### About this exercise
Restate the entries below in full, exactly as they read, but without pictures.

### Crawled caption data
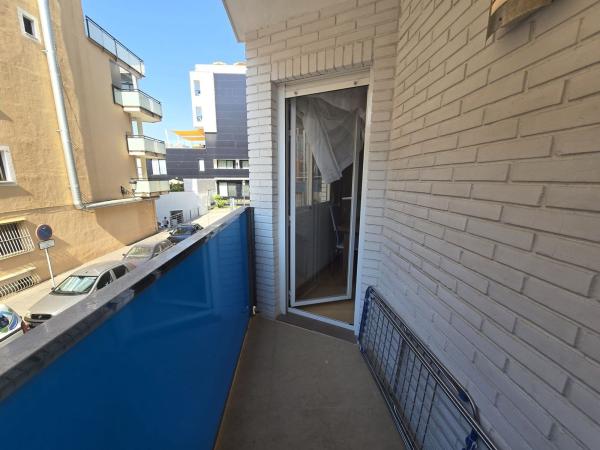 Venta de piso en Piso en Calle dels Pescadors, Centro Urbano, Benidorm, Benidorm
thumbnail 2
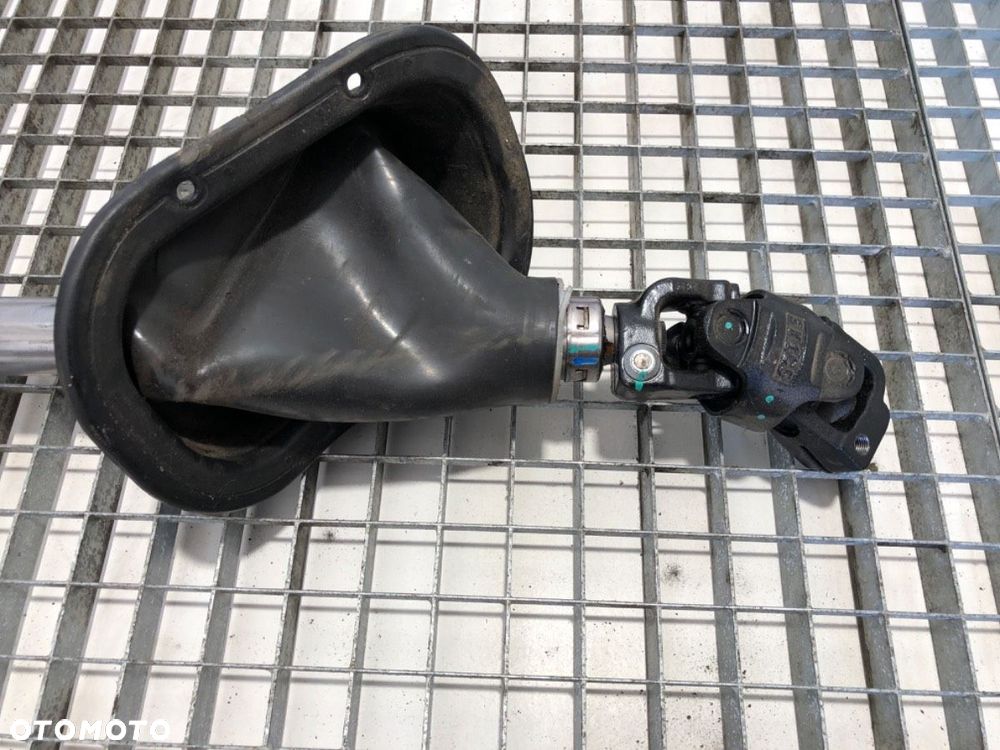 DRĄŻEK KOLUMNY KIEROWNICZEJ - 199.00 PLN - MAN TGX I 2006 - 2022 18.440 81461226156 - 2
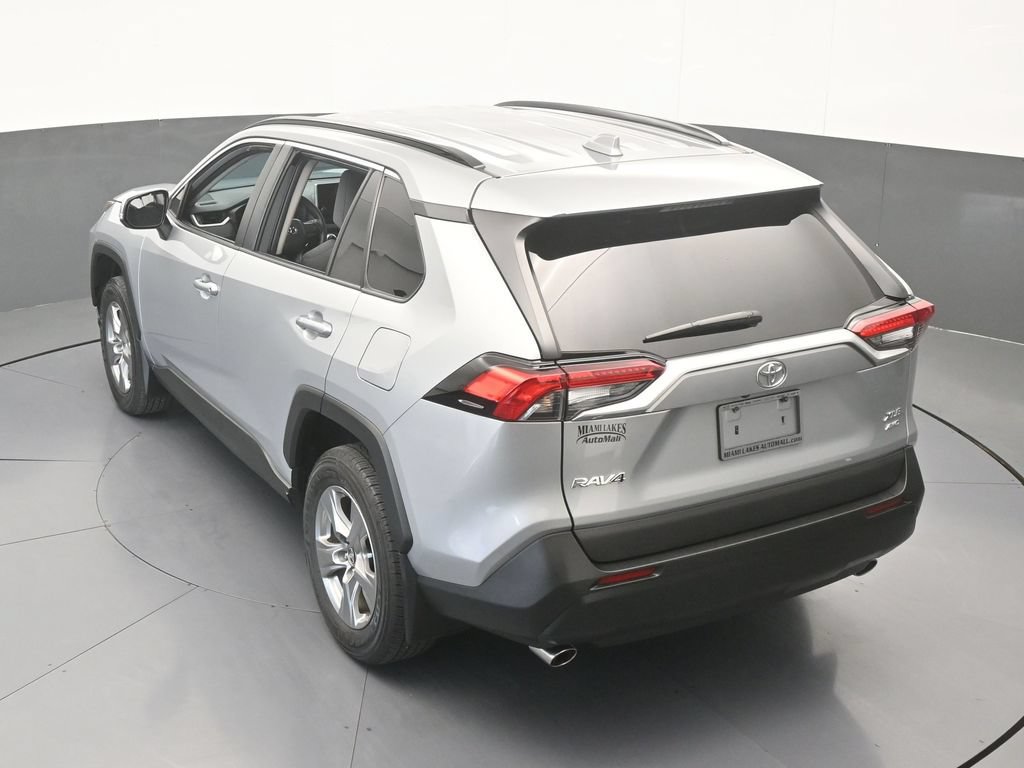 Used 2025 Toyota RAV4 XLE AWD/4WD image 45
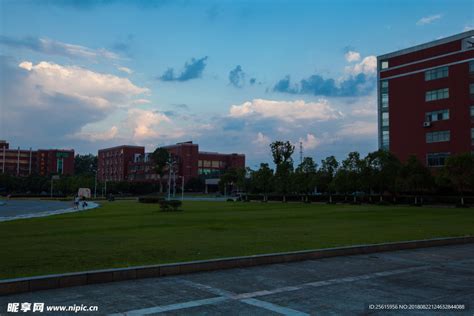 宜春学院学子获全国大学生第十二届“西门子杯”中国智能制造挑战赛“大满贯”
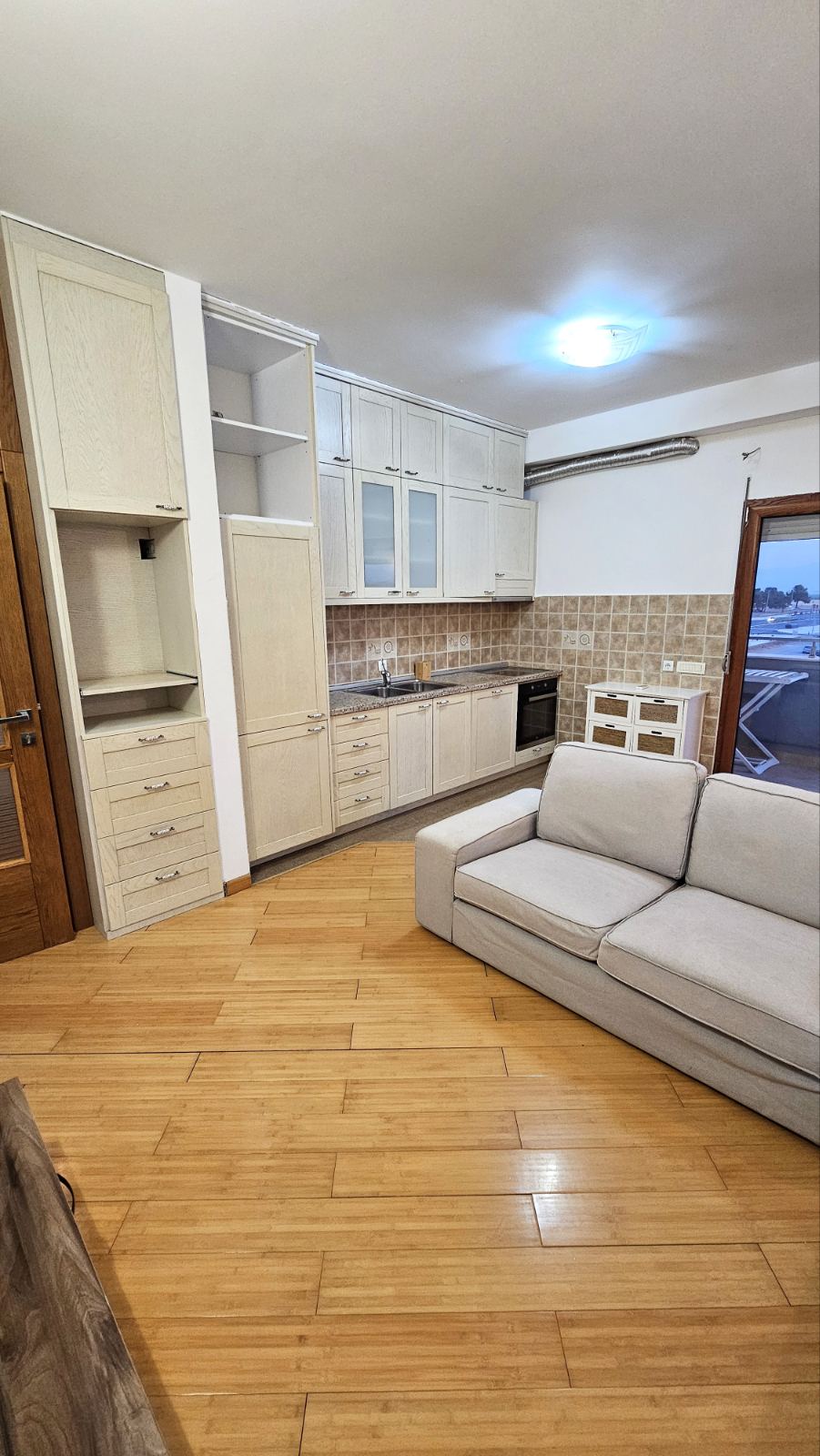 Izdaje se Dvosoban Stan na Starom Aerodromu , Podgorica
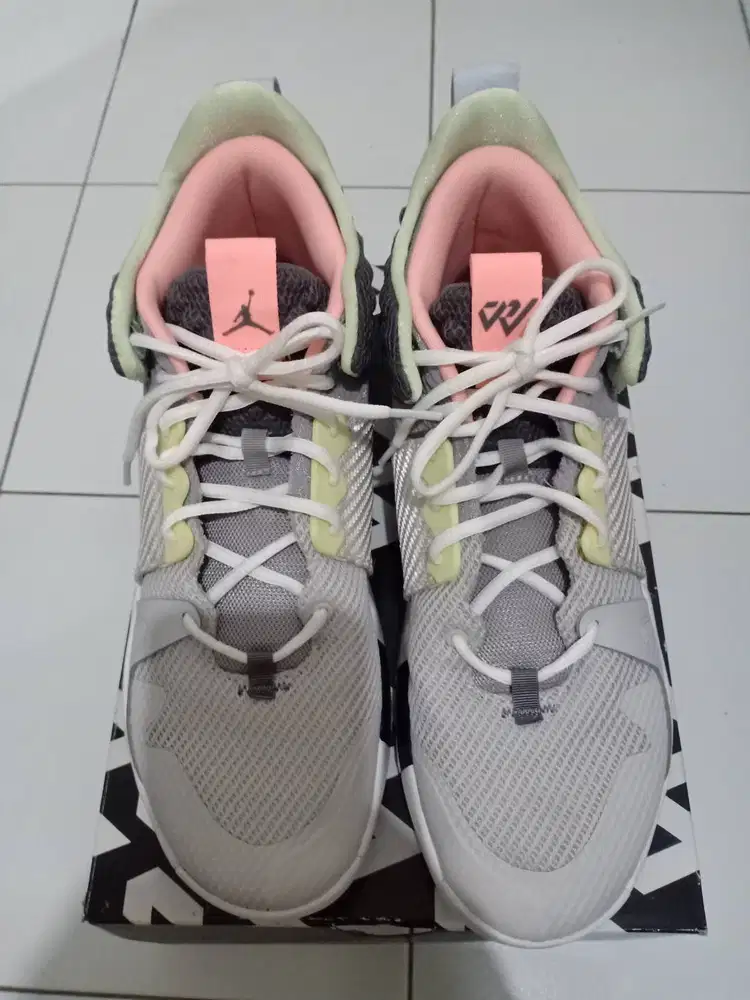 Sepatu Basket Air Jordan WHY NOT ZERO.2 PF
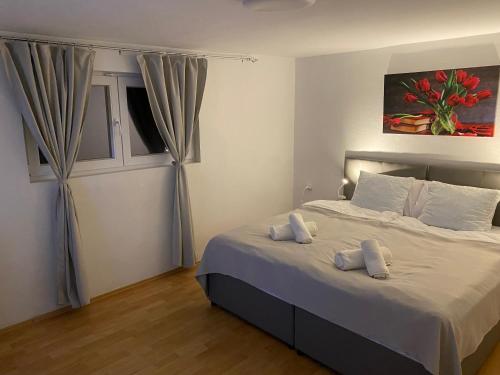 una camera da letto con un grande letto con due cuscini sopra di FIA House a Ždanec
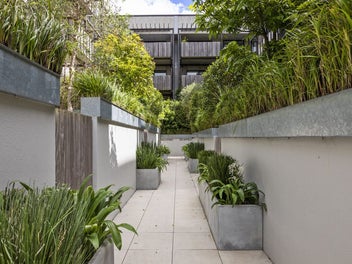 Botanica - Lifestyle, Location & Returns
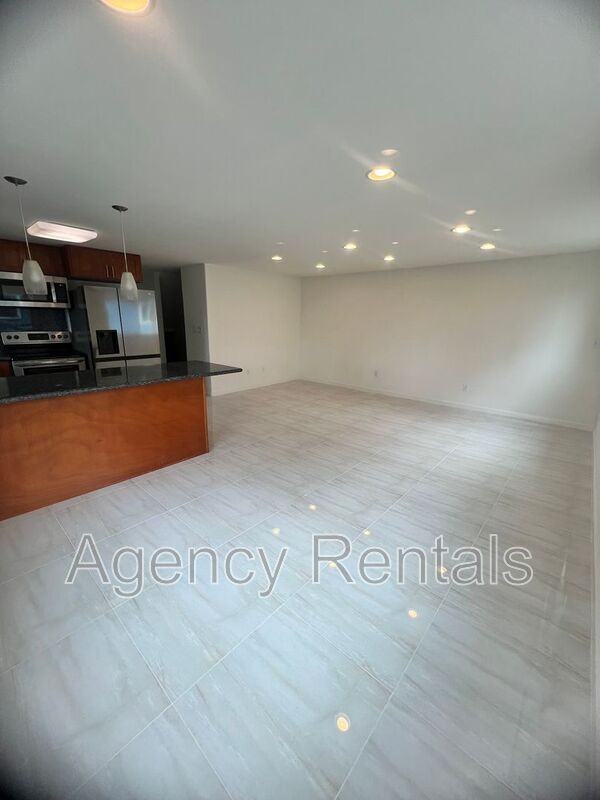 948 Spencer St #A - Photo 6 of 16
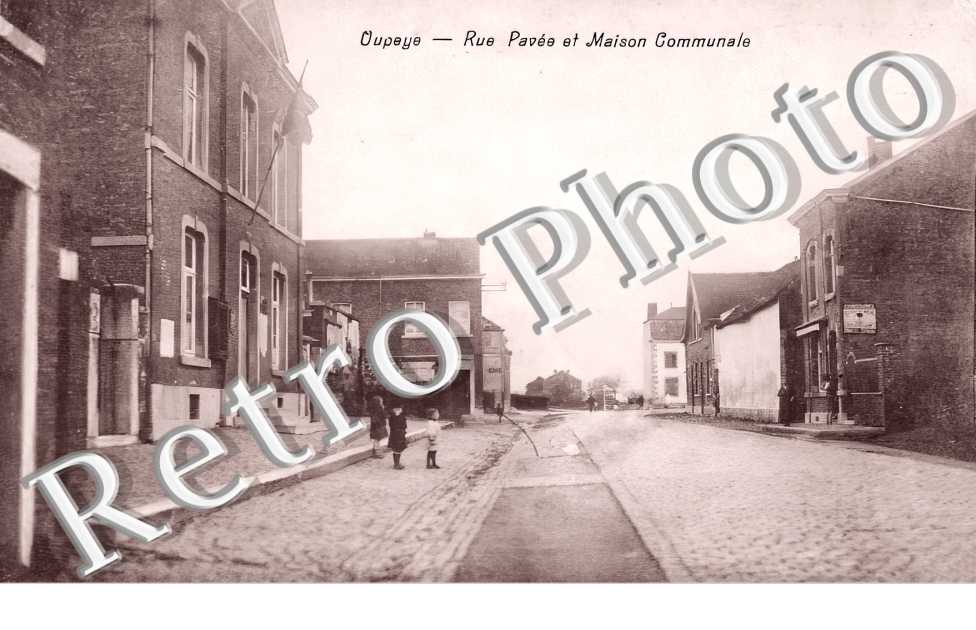 rue Pavée et Maison Communale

### Answer area
 Venta de piso en Piso en Calle dels Pescadors, Centro Urbano, Benidorm, Benidorm
thumbnail 2
 DRĄŻEK KOLUMNY KIEROWNICZEJ - 199.00 PLN - MAN TGX I 2006 - 2022 18.440 81461226156 - 2
 Used 2025 Toyota RAV4 XLE AWD/4WD image 45
 宜春学院学子获全国大学生第十二届“西门子杯”中国智能制造挑战赛“大满贯”
 Izdaje se Dvosoban Stan na Starom Aerodromu , Podgorica
 Sepatu Basket Air Jordan WHY NOT ZERO.2 PF
 una camera da letto con un grande letto con due cuscini sopra di FIA House a Ždanec
 Botanica - Lifestyle, Location & Returns
 948 Spencer St #A - Photo 6 of 16
 rue Pavée et Maison Communale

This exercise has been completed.